RAY MORTENSON: MEADOWLAND

L. Parker Stephenson Photographs presents representation of Ray Mortenson. This inaugural presentation at the Gallery also marks the first time Mortenson’s best known series, Meadowland (1979-1980), is exhibited as a group. Vintage prints of most of the thirty-seven images published in Lustrum Press’ lauded 1983 book will be on view. September 15 – November 26, 2016 New York

Ray Mortenson (b. 1944) has been exploring industrial zones,  isolated natural areas, and neglected urban neighborhoods along the metropolitan corridor of the United States’ Northeast since the late 1970s. In this early project, spanning 10 months from 1979-1980, Mortenson surveyed the 8,000+ acre marshland located in New Jersey a few miles from New York City. Produced during a vibrant period in American photography, following the landmark New Topographics exhibition at the George Eastman House and just prior to John Szarkowski’s American Landscapes exhibition at the Museum of Modern Art, this project offers an unguided tour of a borderland which, for over a hundred years, has straddled the complex co-existence of nature and industry. Any landscape is composed not only of what lies before our eyes but what lies within our heads. 1 Mixing personal observation with the precise detail of the documentary genre, Meadowland can now be seen as an historical marker of an economic high altered by the 1970s oil crisis and subsequent shifts in manufacturing and production in the United States. Mortenson’s fascination with entropy, neglect and decay is countered by the formal compositions of these exquisite, intimate prints.

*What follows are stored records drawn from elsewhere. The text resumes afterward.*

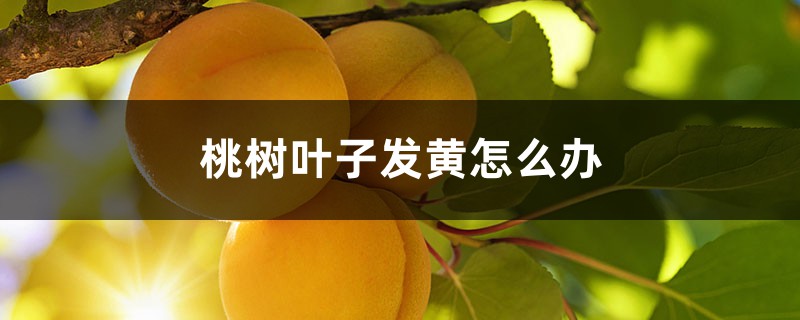 桃树叶子发黄如何办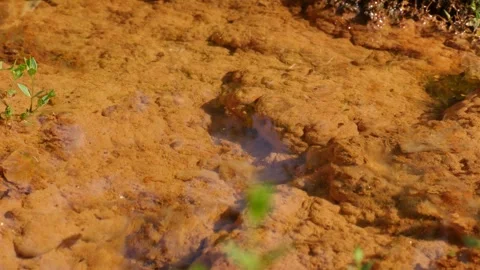 Orange bottom and pure water in the swamp in Siberia Stock Footage 282917068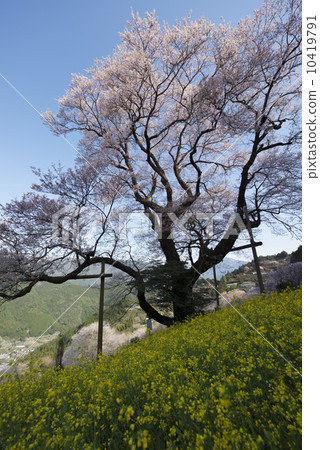 Gourd cherry tree in Ninodogawa town 10419791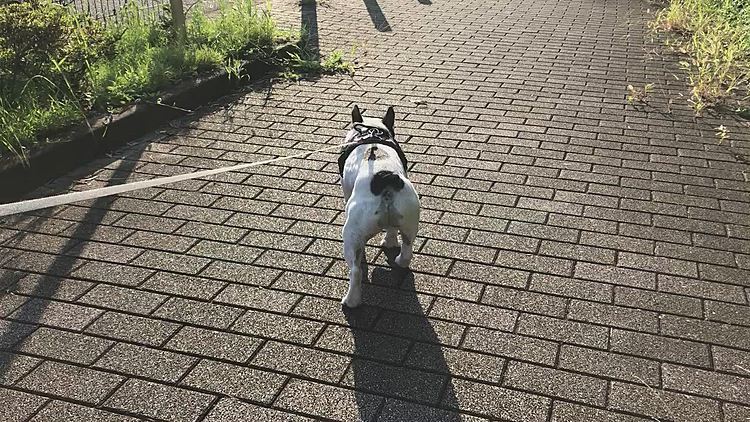 今朝もお散歩後半は足取り軽やかです😁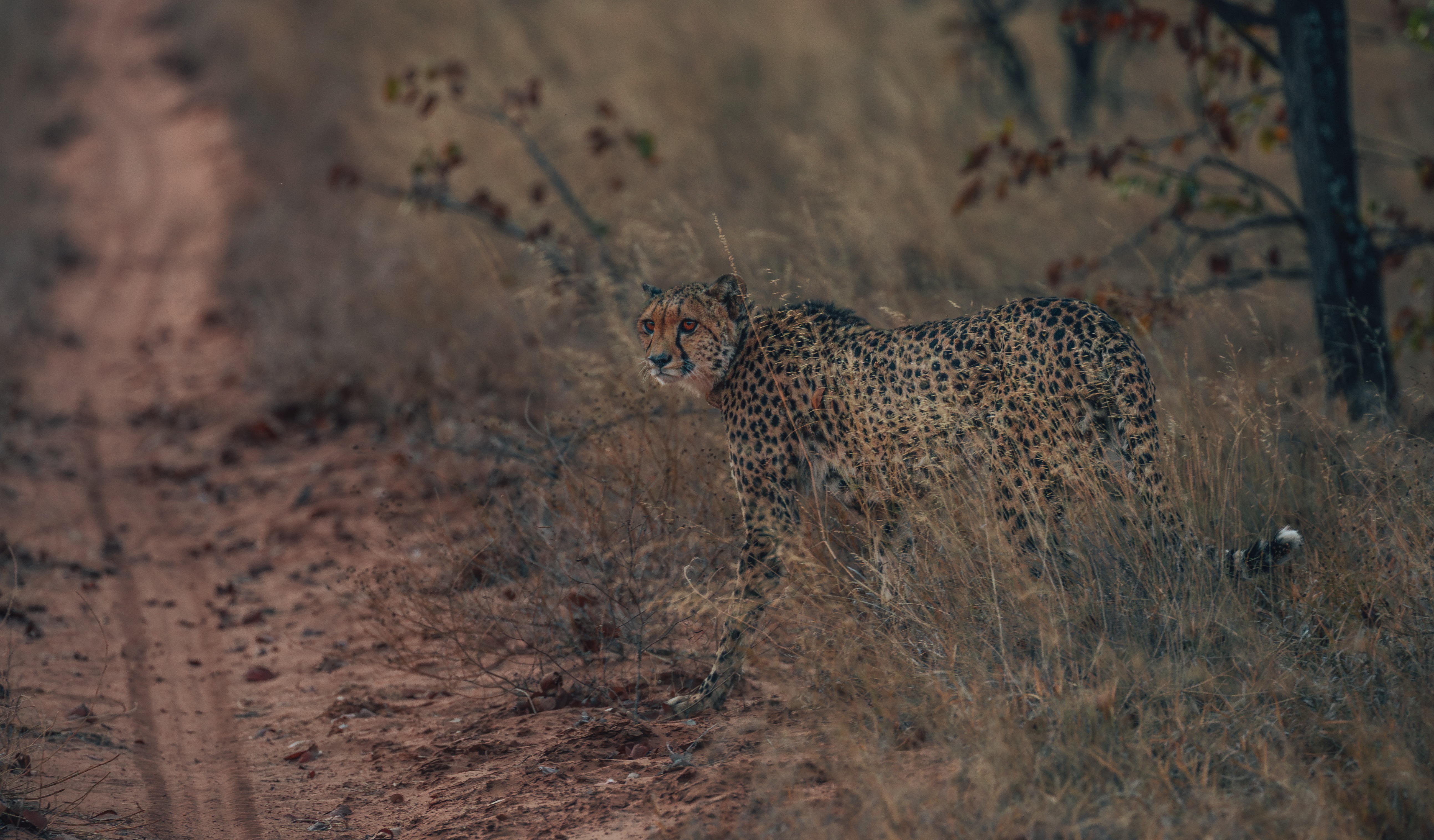 Cheetah Conservation Collars and Honouring Two Brothers. campaign photo, 2 of 4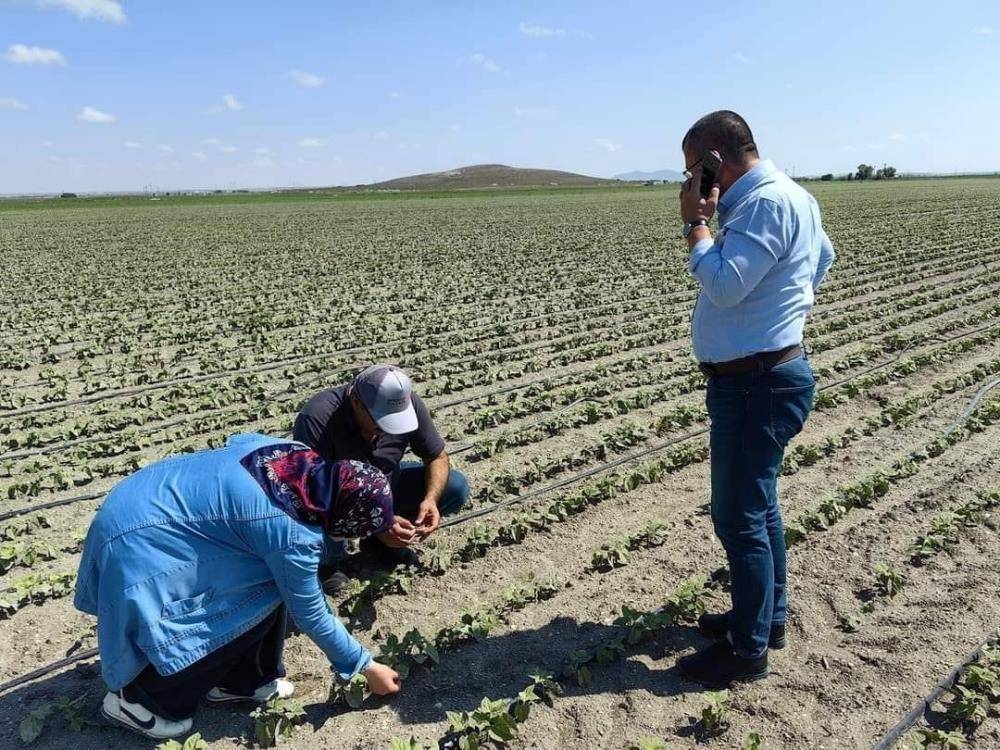 Konya’da dolunun vurduğu tarım arazilerinde hasar tespiti 2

The book, Meadowland, was one of the last publications by Ralph Gibson’s Lustrum Press (1970-1984) which published monographs of then-unknown photographers such as Larry Clark, Mary Ellen Mark and Danny Seymour. Historian Gerry Badger called Lustrum “arguably the best of the small American photobook publishers of the 1970s.” Mortenson’s work is included in the permanent collections of the Addison Gallery of American Art; the Art Institute of Chicago; the Canadian Centre for Architecture; the Center for Creative Photography; the Cleveland Museum of Art; the Los Angeles County Museum of Art; the Metropolitan Museum of Art and the Museum of the City of New York, among others. He has participated in numerous solo and group exhibitions around the country since 1981.